You can read the draft of the Indiana Strategic Workforce Plan here: https://www.in.gov/gwc/files/Indiana%20Strategic%20Workforce%20Plan_Draft_2.6.2020.pdf. It’s a mere 538 pages long, so I’d advise searching for “adult education” and other key terms you want to read about.
I STRONGLY encourage IAACE members to provide feedback—both positive and any concerns. Here are the opportunities to do so:
- Submit comments to GWCpubliccomment@gov.IN.gov.
- Participate in a webinar on Monday, February 24, at 3:00 pm EST. To register for the webinar, fill out this form: https://form.jotform.com/200485759332156
As a coordinated effort of our Association to communicate our feedback, here are some points (below in blue) I invite you to consider making in your comments. Feel free to personalize it as you find helpful.
As an adult educator in Indiana, I am very pleased that the DWD-funded adult education program is seen as a valuable asset across all initiatives in the draft of the Indiana Strategic Workforce Plan. Below are some thoughts I would offer to commend and strengthen the strategies outlined in the draft.
- The suggestions to strengthen partnerships between Core Partners (such as encouraging co-enroll customers, co-locate supportive services, data sharing, and cross-referrals) in Strategies 1, 2, and 4) could help increase access to multiple services by eligible customers. From our experience, we find this strategy helpful to adults with low income and limits on transportation and other resources.
- Adult education is more than a triage service as described in Strategy 3.5.
The mission of the Department of Workforce Development (DWD), Division of Adult Education, is to ensure delivery of foundational skills development, career pathways, and academic and career counseling services to adult and out-of-school youth for the purposes of employment, reemployment, or enhanced employment. So, adult education is much more than a triage service for high school students who drop out before graduation In fact, in the 2018-2019 program year, 22% of Indiana’s adult education students in DWD-funded programs had a high school diploma or higher from a US-based institution.
- As a DWD-funded adult education program, we partner with other core services to provide the greatest access we can to our customers as described in the Plan. But the model for co-location of adult basic education, Career & Technical Education, and community colleges (p. 76) can lead to inefficiencies.
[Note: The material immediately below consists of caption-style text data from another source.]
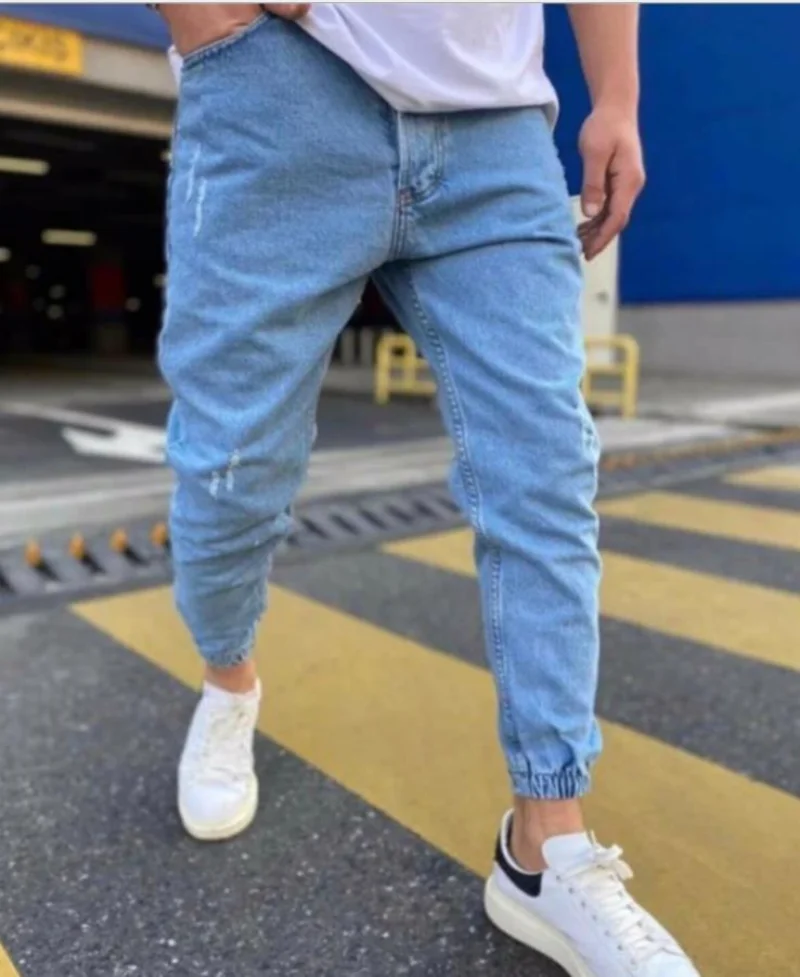New Denim Mens Pants with Holes Trendy Color Slimming Leggings Jeans for Men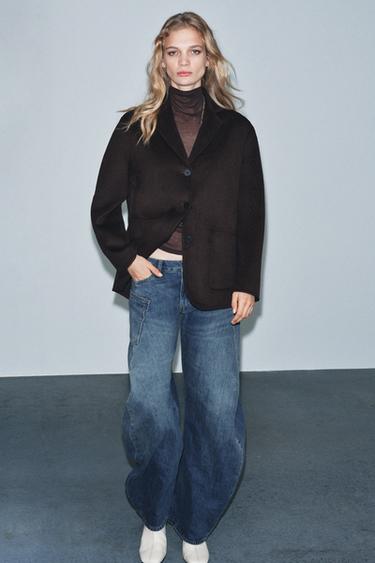 Zara Минималистичный блейзер из смесовой шерсти — ZW COLLECTION купить с доставкой.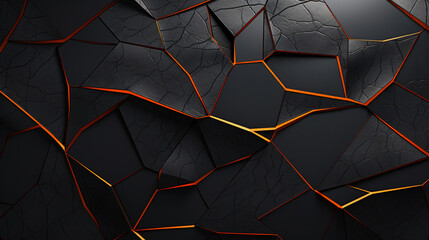 a black background with orange light and cracks, in the style of abstract geometrics, hard edge, shaped canvas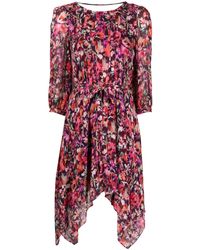 Patrizia Pepe - Floral-print Belted Short Dress - Lyst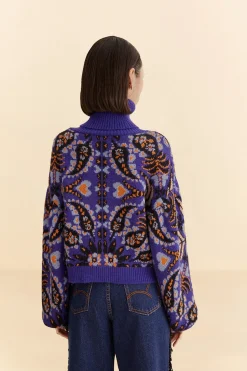 FARM Rio  BLUE MARTINA SCARF SEQUIN EMBROIDERED KNIT CARDIGAN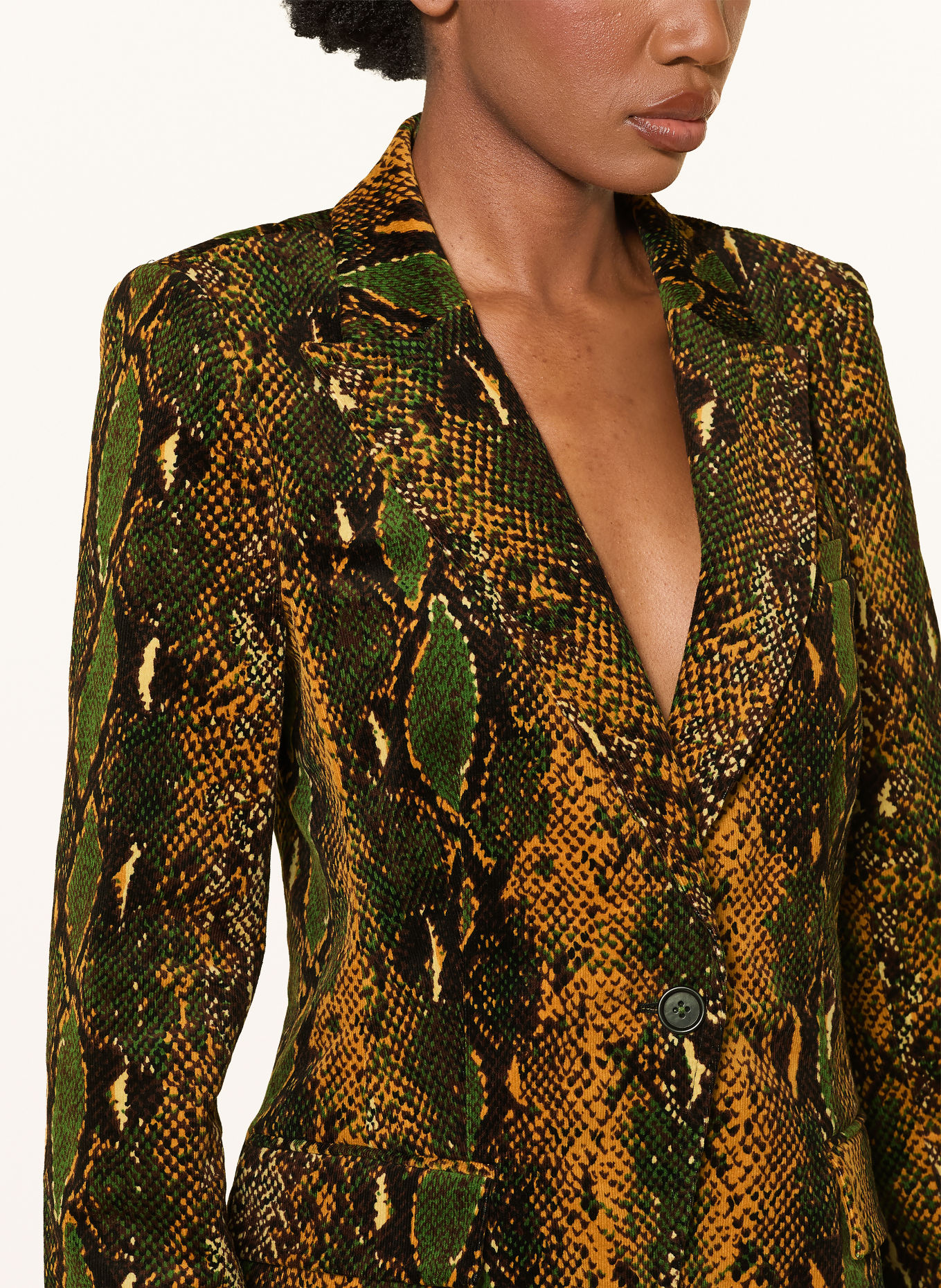 DIANE VON FURSTENBERG Corduroyblazer CHARLIE: GROEN / COGNAC / MARRON FONCÉ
Putting more classes into one location can decrease services to various populations because of space and equipment availability. For example, if a college campus has a welding facility, it can offer welding classes every morning, afternoon, and evening. If a CTE program has a welding facility at its location, it can also offer welding classes every morning, afternoon, and evening. That’s six class times. But if they co-locate into one facility and close the other to reduce expenses, that would cut the available class times in half.
Adult education classes are in more than 200 locations in Indiana. There is at last once class location in each county. But not all counties have a CTE program or college campus to co-locate with.
“Bridge” programs, in which an adult basic education teacher and a college occupational instructor team-teach courses that integrated basic skills with workforce training are expensive because they essentially involve the employment of two instructors for one class. Most of Integrated Education & Training classes used in Indiana’s adult education programs require only one instructor to provide the basic skills, workforce training, and workplace preparation instruction. To be able to do that, some of our adult basic education teachers have received the training they need to teach the occupational skills with the basic literacy and workplace preparation skills.
Before requiring the expansion of co-located instructional services, more research should be done on the effectiveness of that model. Here’s is a recent, independent evaluation of the State of Washington’s I-BEST model. https://www.acf.hhs.gov/sites/default/files/opre/i_best_implementation_and_early_impact_report_508.pdf While the outcomes were favorable for those who participated, actual participation was much lower than the program’s goals. From our experience as adult educators, that comes as no surprise. Many of our adult education students are working more than one job and raising a family. Studying five subjects for the high school equivalency test PLUS an occupational certification training simultaneously simply exhausts the time and effort that many adult education students can give. They much prefer to take steps “one at a time” (i.e., first the high school equivalency, then the post-secondary training).
Thank you for taking the time to provide your feedback on this important document that could drive our work for the next four years.